Strike Back by Marliss Melton

Posted by Mrs Giggles on April 9, 2024 in 3 Oogies, Book Reviews, Genre: Crime & Suspense

Strike Back by Marliss MeltonJames-York Press, $2.99, ISBN 978-1-938732-26-3
Romantic Suspense, 2018

oogie 3oogie 3oogie 3

Romantic suspense and thrillers are two different genres, and normally I shouldn’t expect the former to be the same as the latter. It is hard, however, not to question the sanity of the characters involved when these people would, because the genre demands it, get distracted by the tingling feeling in their groins when they should be vigilant or scared.

Hence, I do a big eye roll early on in Marliss Melton’s Strike Back when the heroine Hilary Alcorn, after working long past midnight, suspects that she’s being trailed by a car on her drive home, only to shrug it off and start daydreaming about the hero Stuart Randolph instead.

He’d come into her life when she was still working for her friend and private investigator, Juliet Rhodes. Finding a spy from the Cold War era based on his composite alone had stymied both Hilary and Juliet, so they’d called on a friend of Juliet’s Navy SEAL boyfriend, a man so good at finding information online his SEAL buddies called him Hack.

Sure, the author needs to dump a whole lot of back story on me, but I still believe she could do it a more elegant manner than having the heroine press her foot on the accelerator while doing a Wikipedia entry to herself and hence, me. What if the silly acorn lose control of her car and fly off the road or, worse, hit someone else?

Anyway, some of their backstory happen in some previous story that I haven’t read, but the gist of it is that Stuart doesn’t want to crack the acorn, so Hilary decides to date the hot new neighbor, Elias Malki, who just happens to be in the vehicle that she suspects was trailing her earlier.

Then Stuart shows up, saying that she can’t give Elias any honey as that man is, ooh, a terrorist. Really, this guy dumps her because he claims that he is not good enough for her, and now he’s going to ruin her chances at hooking up with any other man.
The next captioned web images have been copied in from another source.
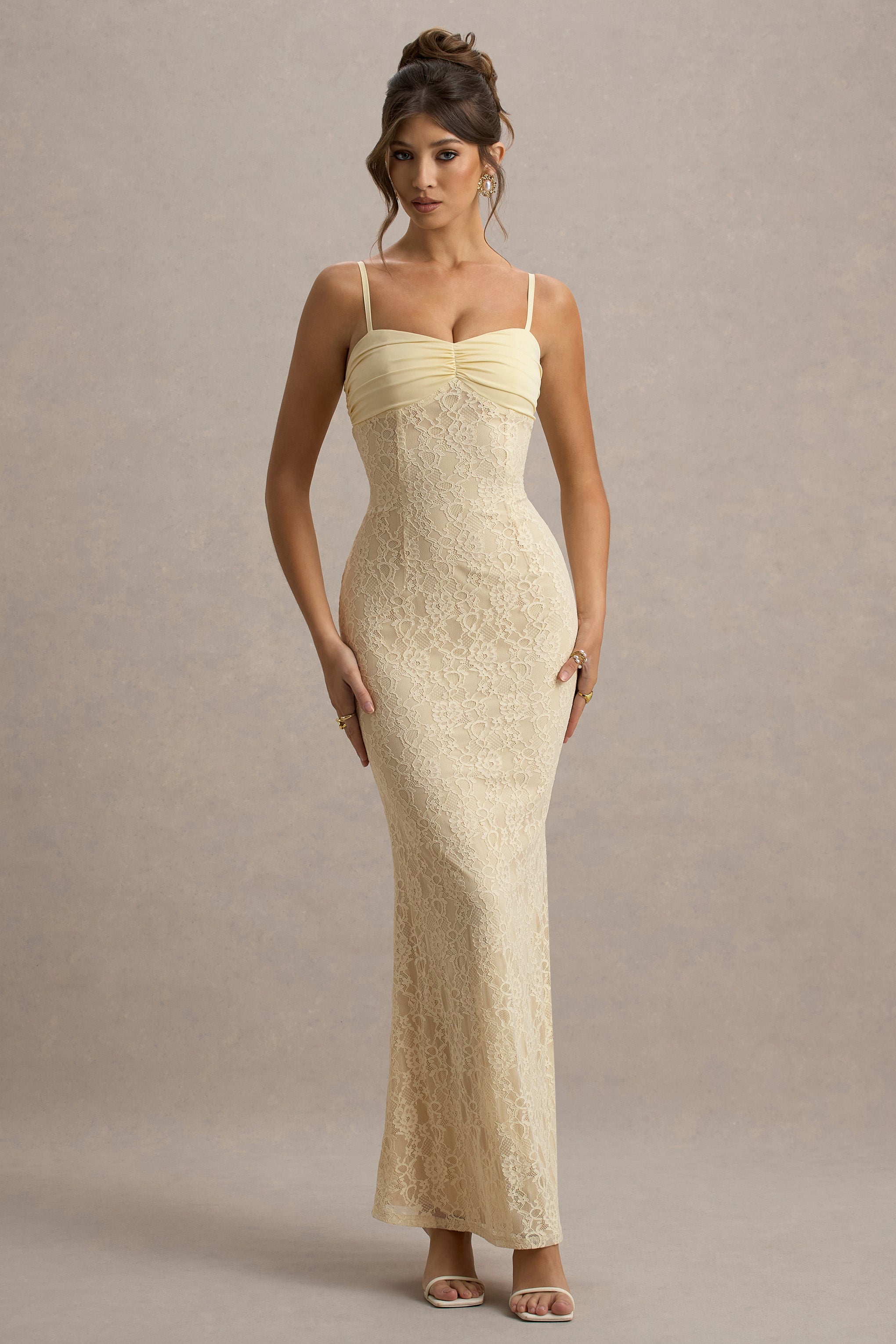 Felicia | Pale Lemon Satin Sweetheart Maxi Dress With Lace Details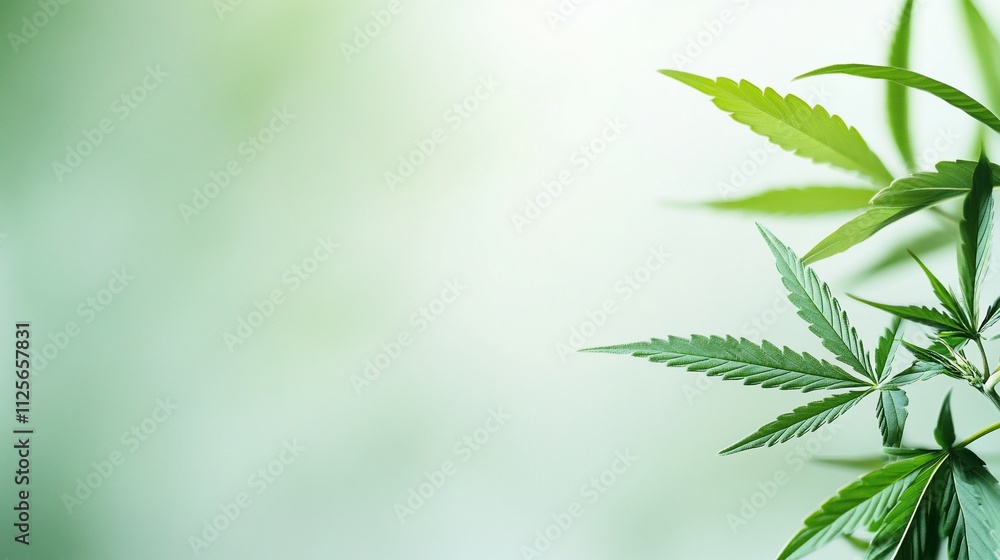 Close-up of green cannabis leaves against a soft background. Close-up of green cannabis leaves against a soft background.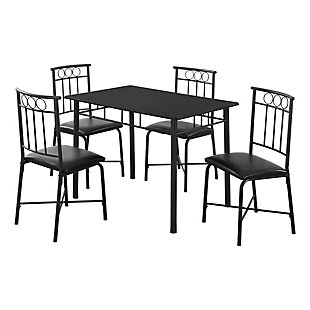 Monarch Specialties Dining Table and 4 Chairs Set, , large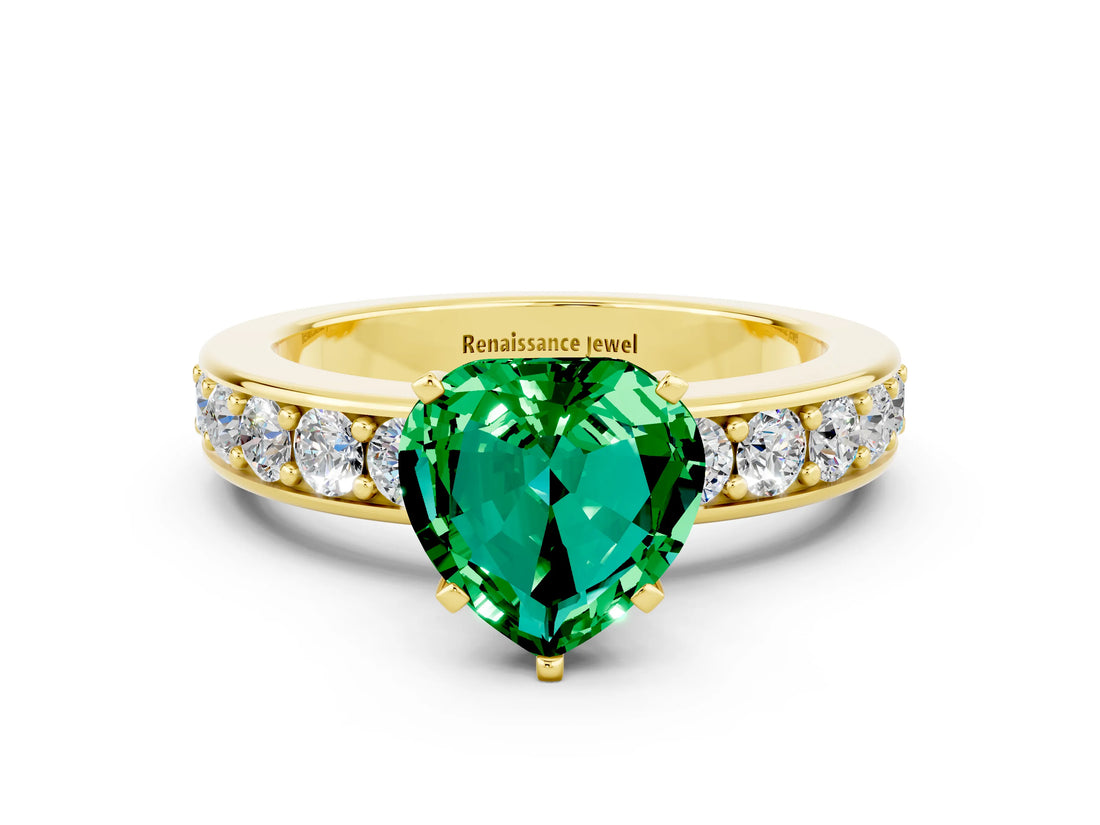 Yellow gold Heart Cut Cut Channel Set Diamond Engagement Ring with Four-Prong Setting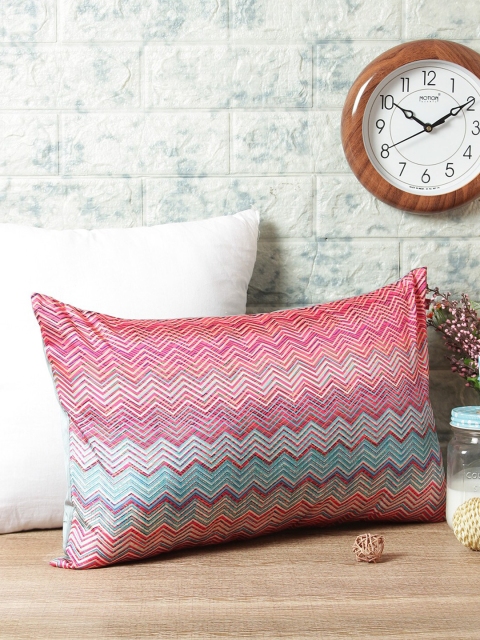 

India Circus by Krsnaa Mehta Pink & Blue Geometric Rectangle Cushion Cover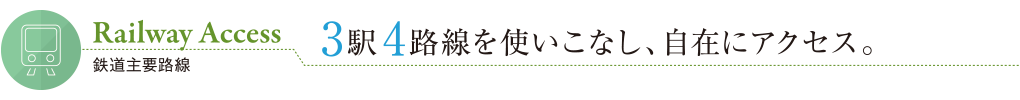 Railway Access 鉄道主要路線 3駅4路線を使いこなし、自在にアクセス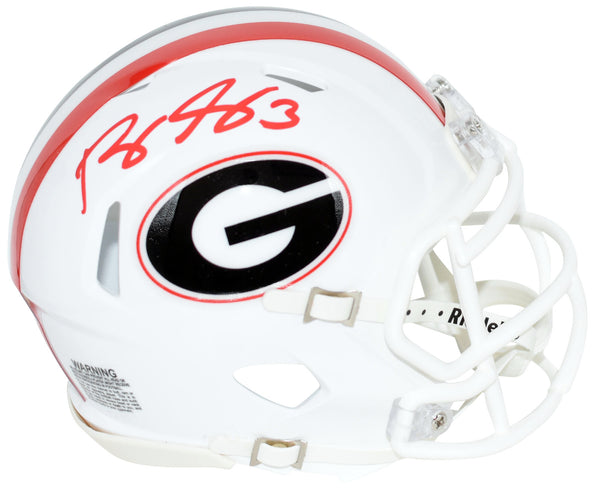ROQUAN SMITH SIGNED GEORGIA BULLDOGS WHITE SPEED MINI HELMET BECKETT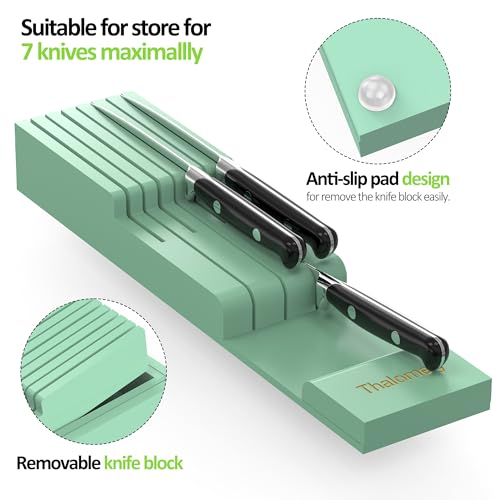 Bamboo Kitchen Drawer Organizer, Expandable Silverware Organizer with Removable Knife Block, 6-8 Slots- Utensil Holder & Cutlery Tray Drawer Dividers, 2.36" Deep for Extra Capacity, Cyan - color: Cyan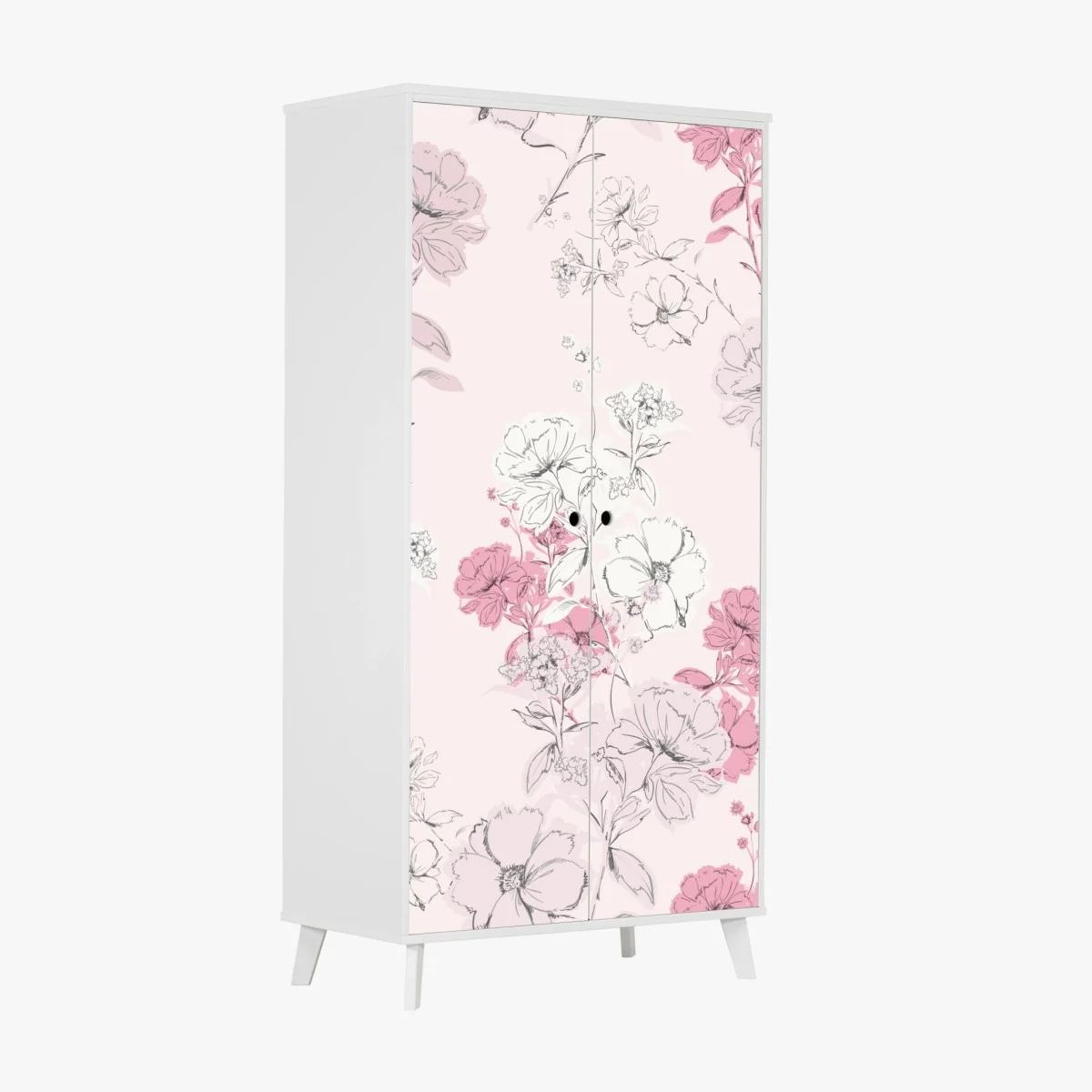 Schrankaufkleber zartes rosa blumenmuster – Wallnifity® Schrankaufkleber zartes rosa blumenmuster – Wallnifity®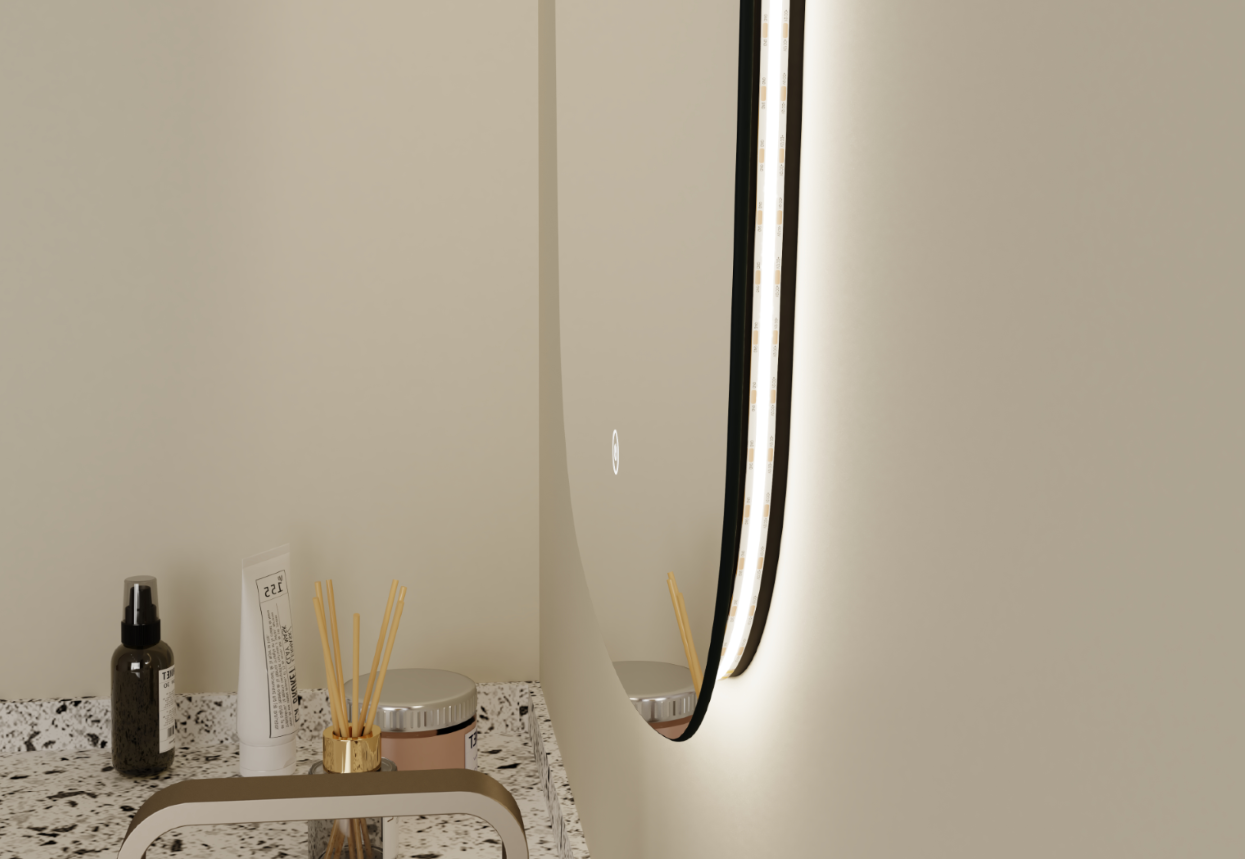 Detalle lateral de espejo LED con iluminación integrada y sistema de luz visible en el perímetro.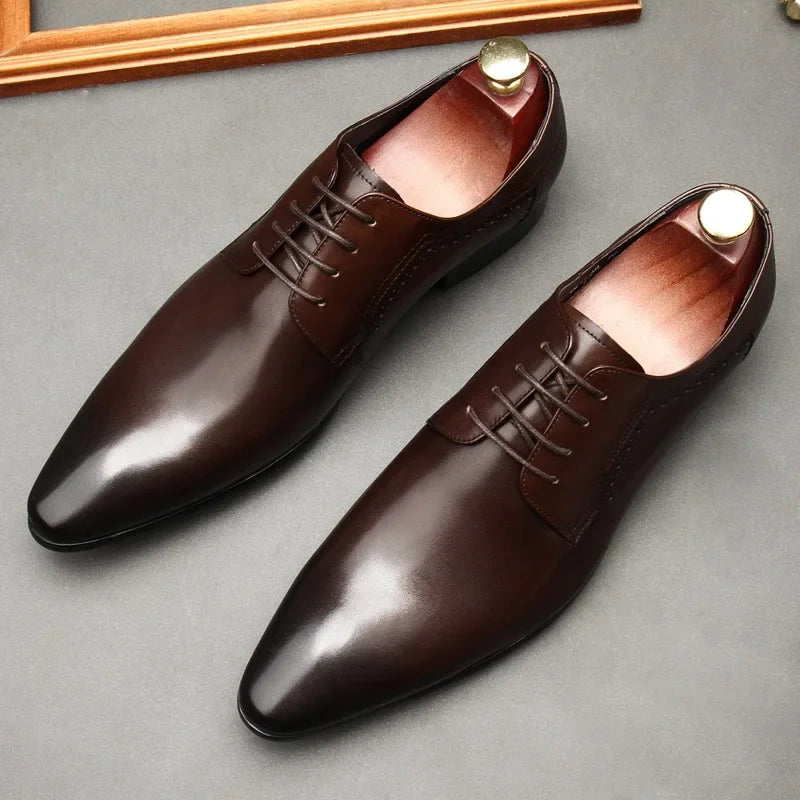 Leather shoes for men, lace up shoes for men, pointy, leather, high-end wedding, dress, Oxford, Lefu shoes, large, British style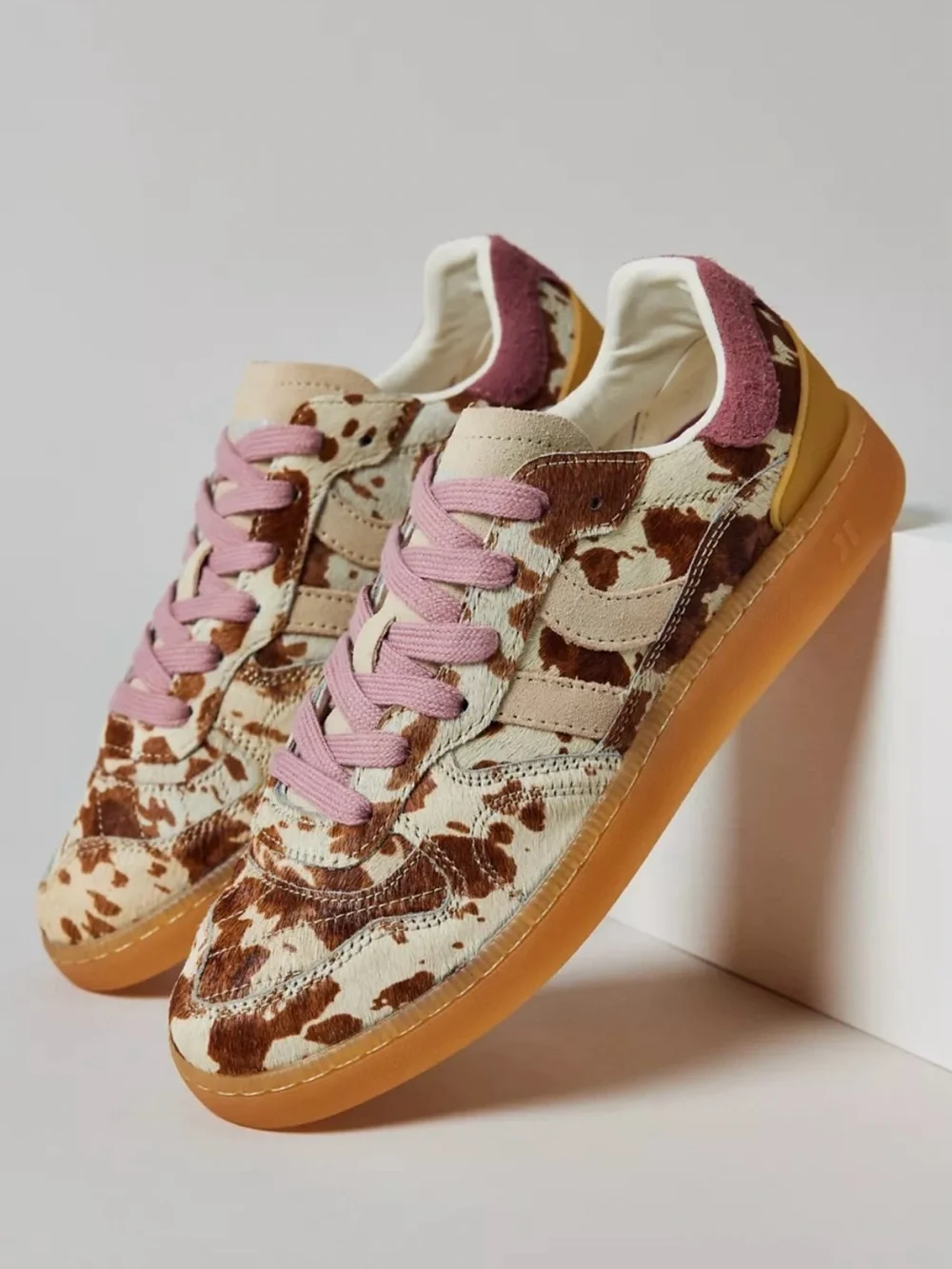 Coolway Women's Suede Leather Cream and Brown Cow Print Sneakers New Size US 6 - Picture 3 of 11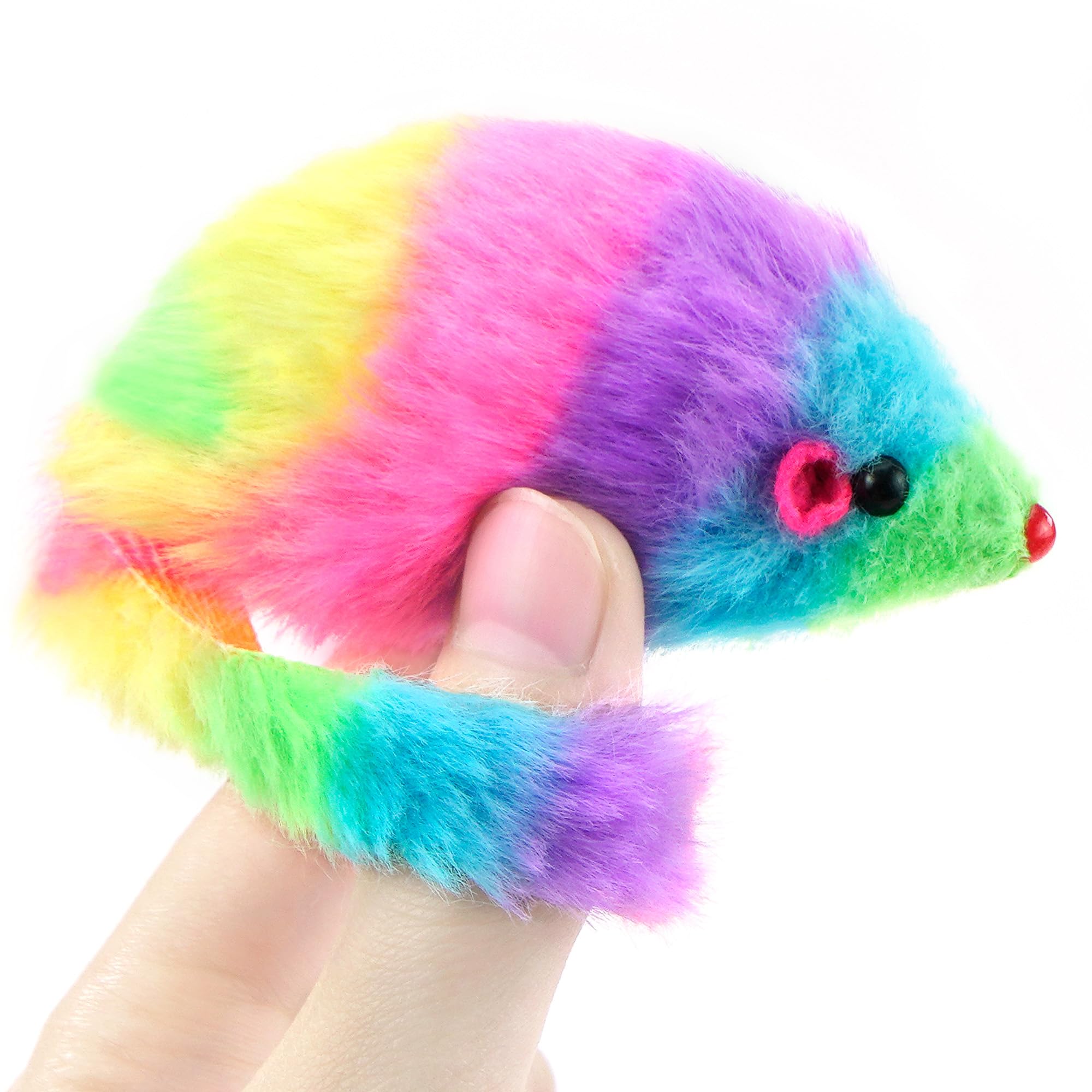 Chiwava 24 pezzi da 2,8" arcobaleno giocattolo peloso per gatti con sonaglio gioco interattivo a forma di topo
What a hero!

Okay, this is a short-ish story, so I’ll keep this short as well: Hilary, for someone working in National Counterterrorism Center, is so stupid and naïve, being led around by both Elias and Stuart that I can only wonder whether the recruitment people hired her to fulfill some DEI quota for the mentally challenged. 

Then, I remember that is a romantic suspense, so I suppose I’m to go all “Aww! That silly darling!” at the heroine and just swoon because finally she’s getting the pee-pee of her dreams and it’s a happy ending. All that terrorist plot thing is just a filler to push the heroine back onto the pee-pee where she belongs.

Oh, and here’s a shocker: the serious competition for the heroine’s affection is not her true love. I suppose at least the author deserves some credit for not adding the bloke to the list of future sequel baits.

This one is too well-written to be anything worse than a three-oogie read, but it also comes with it the awful cringe fest that is the heroine being a dumb dumb and the author being well aware of this.

In other words, this is another romantic suspense story designed from scratch to be powered by the heroine’s subpar mental faculties—if the acorn dummy had been any less gullible, this story wouldn’t be as long as it is. Worse, the author makes this wretch a staff of some intelligence agency.

I may be more charitable to the nitwit heroine had she been the staple romance genre storekeeper or flailing big city idiot stumbling into a small town, but no, the author wants me to believe that Hilary is somehow capable of hanging with spies and agents despite having less brainpower than a shambling drunk.

Three oogies, but at least 30 gallons of reservations on my part. Really, skip this thing if you have low tolerance for nitwits driving the plot with their sub-optimal brainpower and lots of plot contrivances.